>>

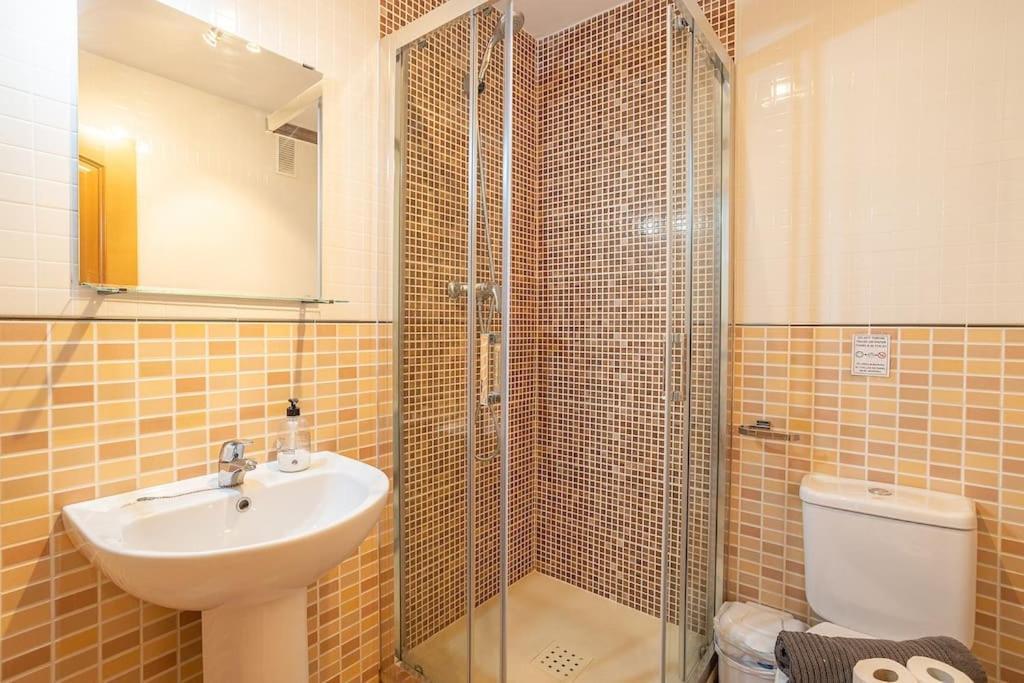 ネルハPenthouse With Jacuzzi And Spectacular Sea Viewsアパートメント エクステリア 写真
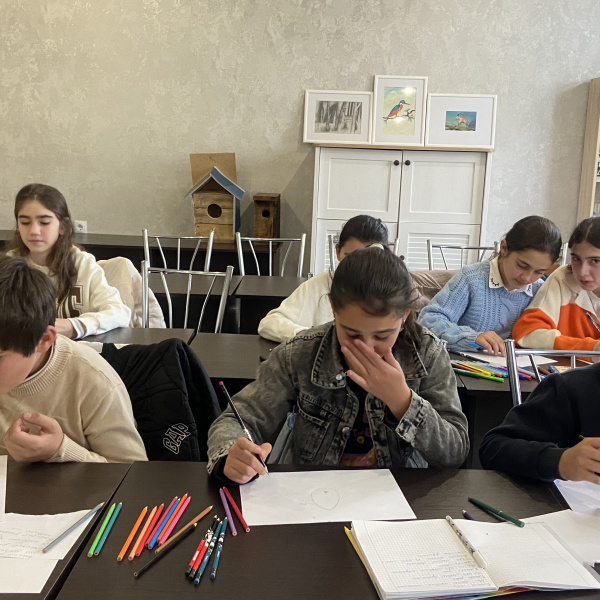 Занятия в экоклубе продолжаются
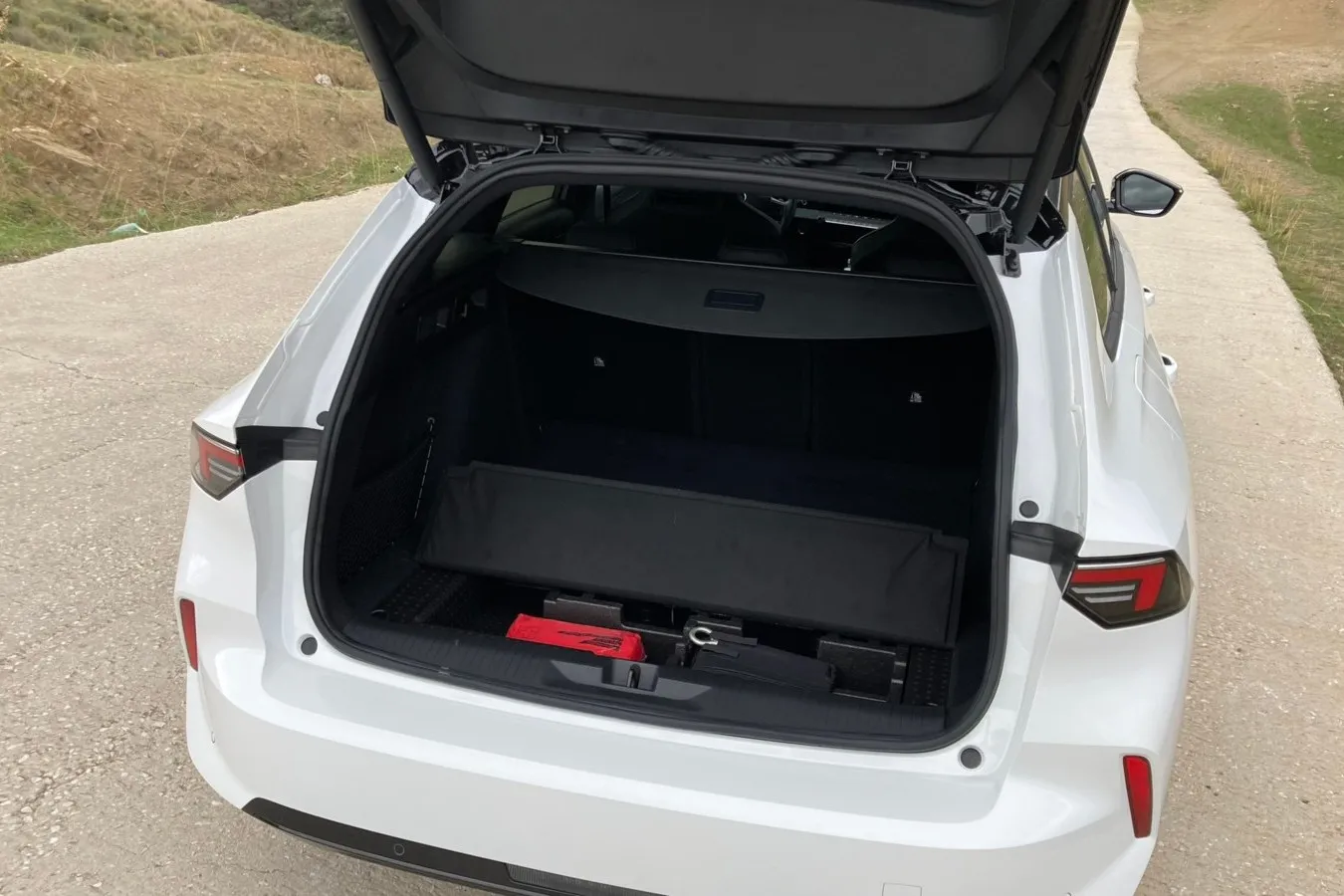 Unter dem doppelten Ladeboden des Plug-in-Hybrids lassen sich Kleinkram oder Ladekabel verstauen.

<<

▸ **What is expected**
The whole listing is to be written out exactly; the pictures stay out of the copy.

▸ **Response to this task**
 ネルハPenthouse With Jacuzzi And Spectacular Sea Viewsアパートメント エクステリア 写真
 Занятия в экоклубе продолжаются
 Unter dem doppelten Ladeboden des Plug-in-Hybrids lassen sich Kleinkram oder Ladekabel verstauen.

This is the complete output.